2. Why has Brazil changed its exchange rate regime over the years?
3. What variable affects the Russian ruble?
4. By how much did the yuan appreciate against the dollar on July 21, 2005?
5. How has the yuan's appreciation since July 21, 2005, affected the U.S. trade deficit with China?
6. How did the crawling-peg system in place from 2005 to 2008 likely affect inflows of hot money to China? To affect the PBOC's ability to control the money supply and inflation?
7. What is the likely reason for the Chinese government again fixing the yuan to the dollar upon the outbreak of the global economic crisis?
8. Why has China adopted capital controls?
9. Why will China probably relax its capital controls eventually?
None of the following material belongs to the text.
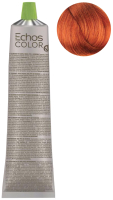 Крем-краска для волос Echos Line Echos Color 7.44 (100мл, средне-русый интенсивный медный) -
Since the collapse of Bretton Woods, a critical question facing governments, particularly emerging economies, is the choice of exchange rate regimes. While most OECD economies have floating rates and capital mobility or are in the Eurozone, emerging countries have generally selected different exchange rate regimes. Many emerging economies have a ''fear of floating,'' a resistance to allowing market forces to freely determine their exchange rate since they fear that speculation or overvaluation may lead to excessive volatility that could contribute to financial crises and discourage trade and investment. Lack of transparency, thin markets, poor policy, low institutional credibility, and sometimes distrust of perfectly free markets have fueled their reluctance to float. The BRICs (Brazil, China, India, and Russia) represent four important and rapidly growing economies. Exhibit 3.5 plots their exchange rates from 2000-2012.
The different paths each nation's exchange rate has taken reflects their different currency regime choices.